[WHAT YOU WILL DO] Exclude every picture and return the remaining entries below verbatim.

Start of AVAILABLE RECORDS

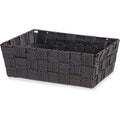 Kast/badkamer opbergmandjes zwart 24 x 20 x 8 cm - Kastmandjes/lade vakverdelers - Gevlochten stof met frame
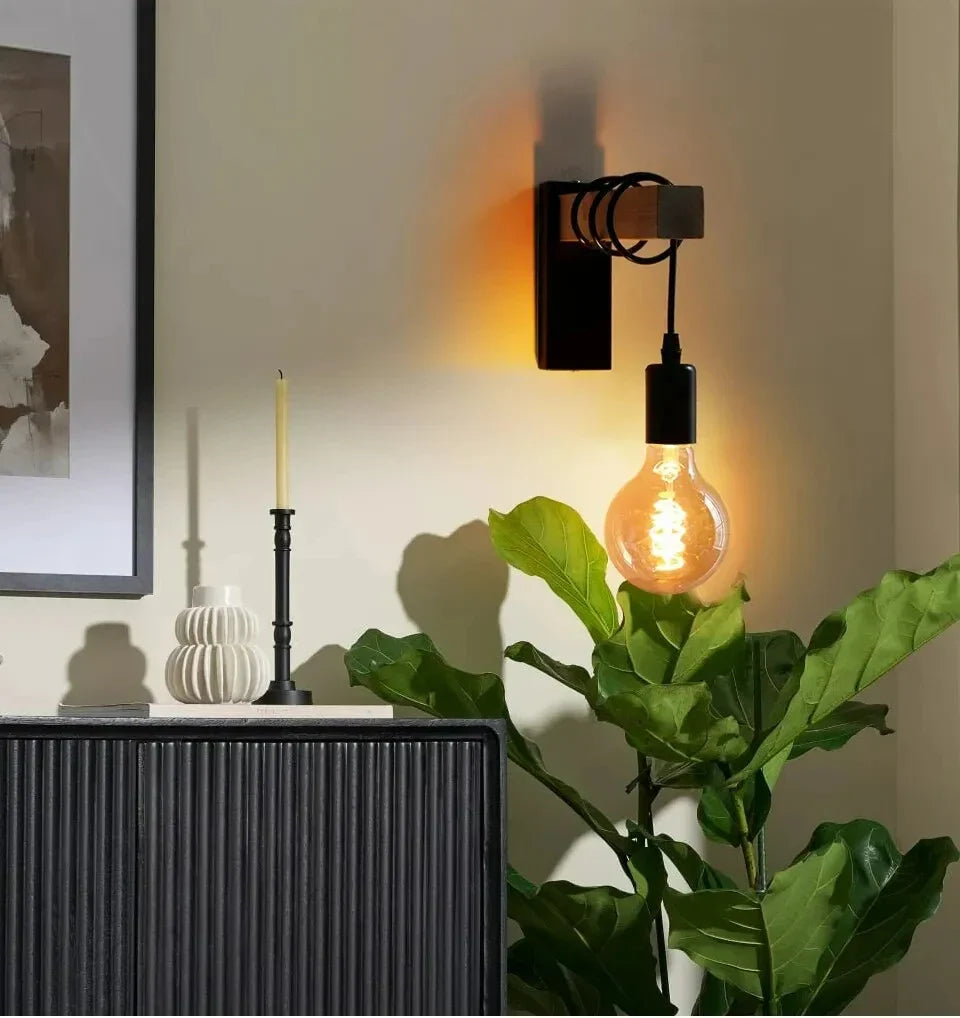 Retro Wood LED Wall Lamp E27 220V 110V Industrial Night Loft Light Fixtures Live Room Bedside Lamp Decor for Bathroom Restaurant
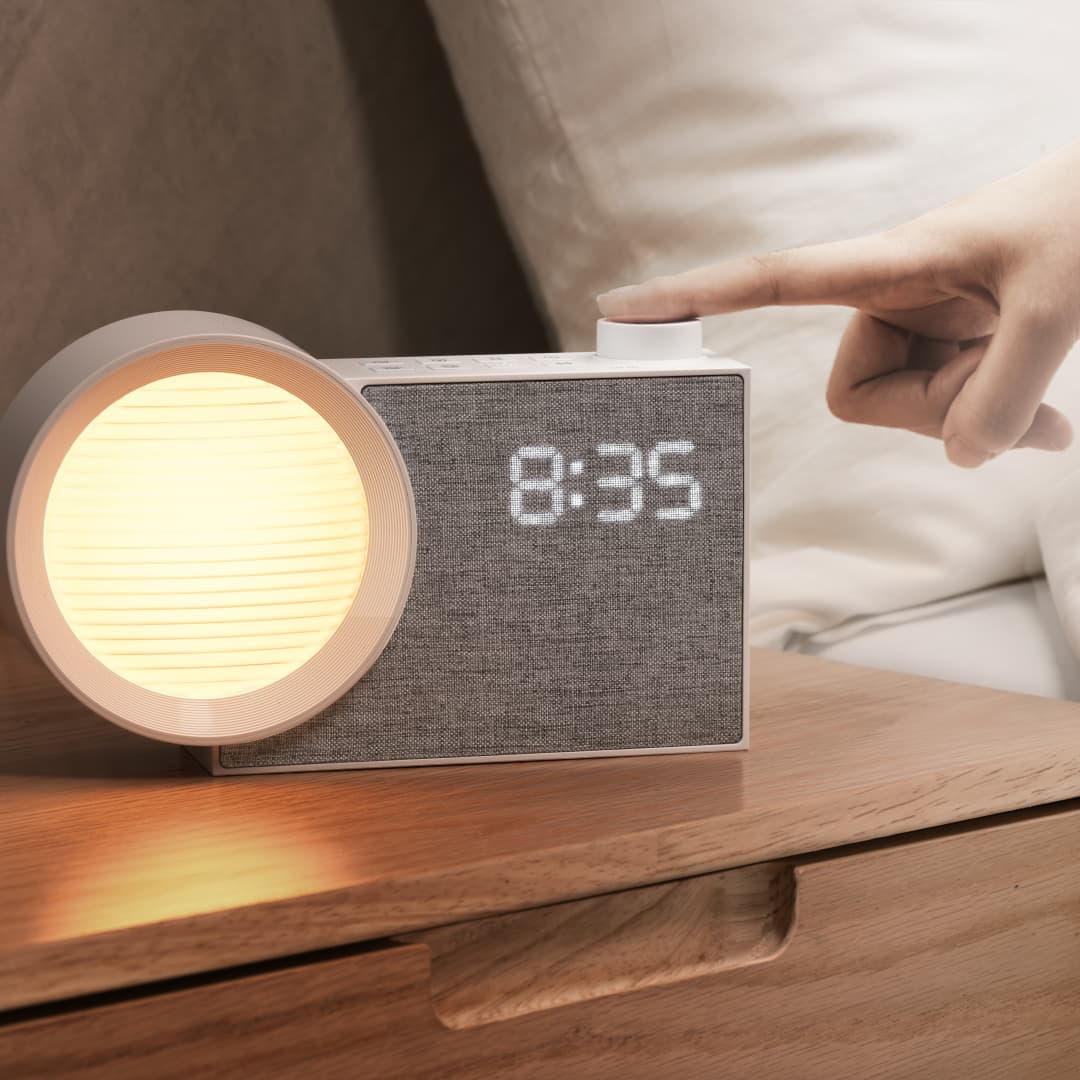 Decor Lighting Lamps - WILIT LEDナイトライト目覚まし時計、ホワイトノイズ＆タイマー付きベッドサイドランプ - 温かみのある雰囲気の寝室装飾ギフト、ムードライト、睡眠用ライト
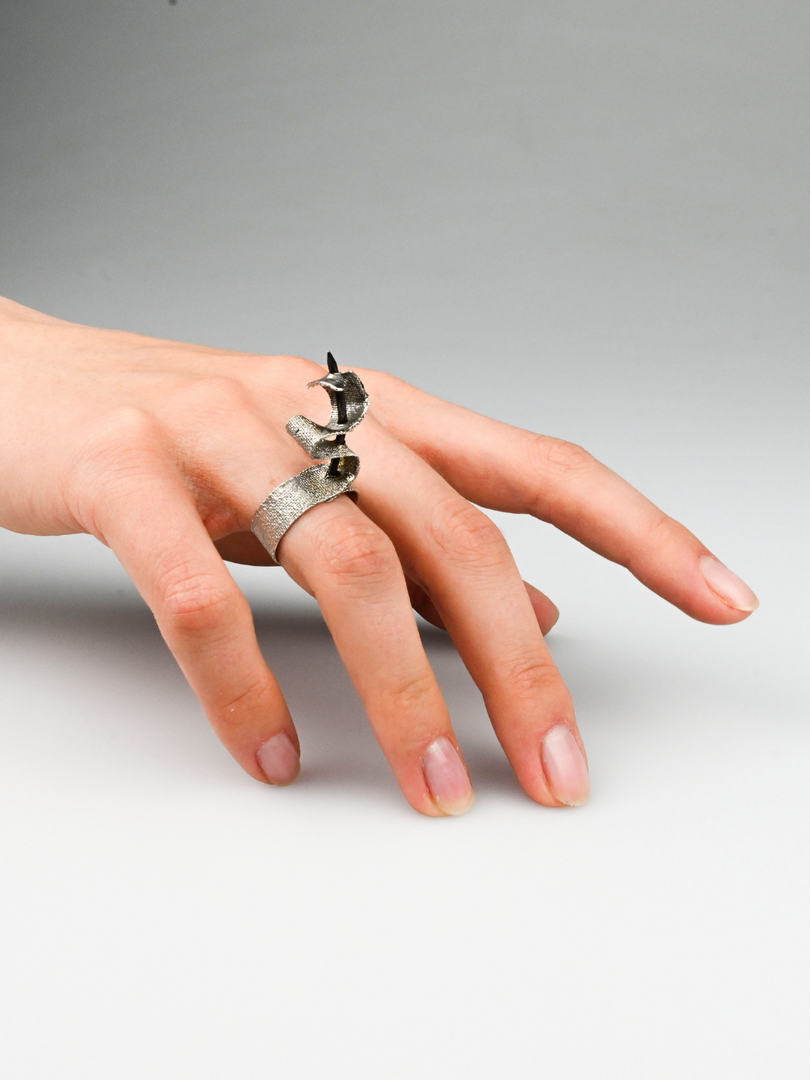Nail In Silver Textile Ring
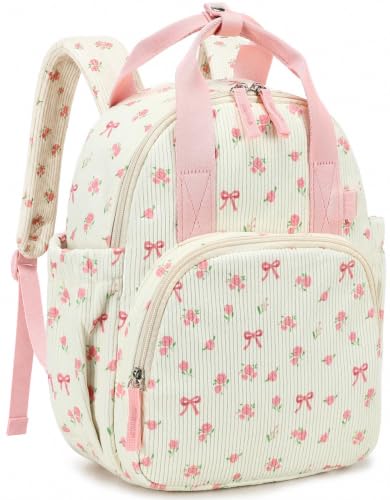 Bluboon Mochila infantil para meninas e meninos 2 a 4 lindas mochilas de jardim de infância de 30,5 cm, bolsas infantis de creche, viagens escolares, Flor de laço rosa 212-bege, Toddler-12'h(not Fit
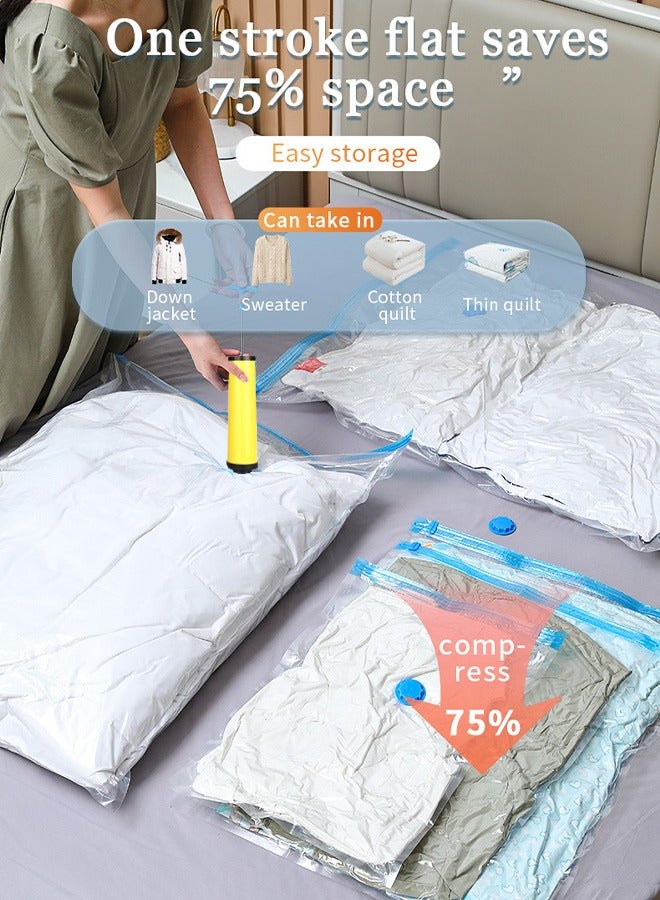 7 Pieces Of Vacuum Storage Bag, Suction Pump, Clear/Blue 70x100cm - Image 5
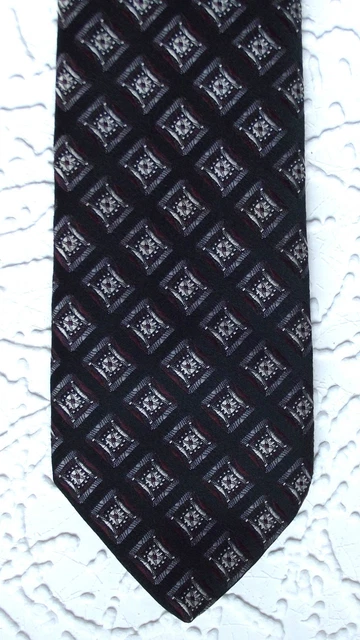 Cravatta a scacchi vintage da uomo nero grigio bordeaux PIERRE BOUCHARD ANNI '70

End of AVAILABLE RECORDS

[RESPONSE]
 Kast/badkamer opbergmandjes zwart 24 x 20 x 8 cm - Kastmandjes/lade vakverdelers - Gevlochten stof met frame
 Retro Wood LED Wall Lamp E27 220V 110V Industrial Night Loft Light Fixtures Live Room Bedside Lamp Decor for Bathroom Restaurant
 Decor Lighting Lamps - WILIT LEDナイトライト目覚まし時計、ホワイトノイズ＆タイマー付きベッドサイドランプ - 温かみのある雰囲気の寝室装飾ギフト、ムードライト、睡眠用ライト
Nail In Silver Textile Ring
 Bluboon Mochila infantil para meninas e meninos 2 a 4 lindas mochilas de jardim de infância de 30,5 cm, bolsas infantis de creche, viagens escolares, Flor de laço rosa 212-bege, Toddler-12'h(not Fit
 7 Pieces Of Vacuum Storage Bag, Suction Pump, Clear/Blue 70x100cm - Image 5
 Cravatta a scacchi vintage da uomo nero grigio bordeaux PIERRE BOUCHARD ANNI '70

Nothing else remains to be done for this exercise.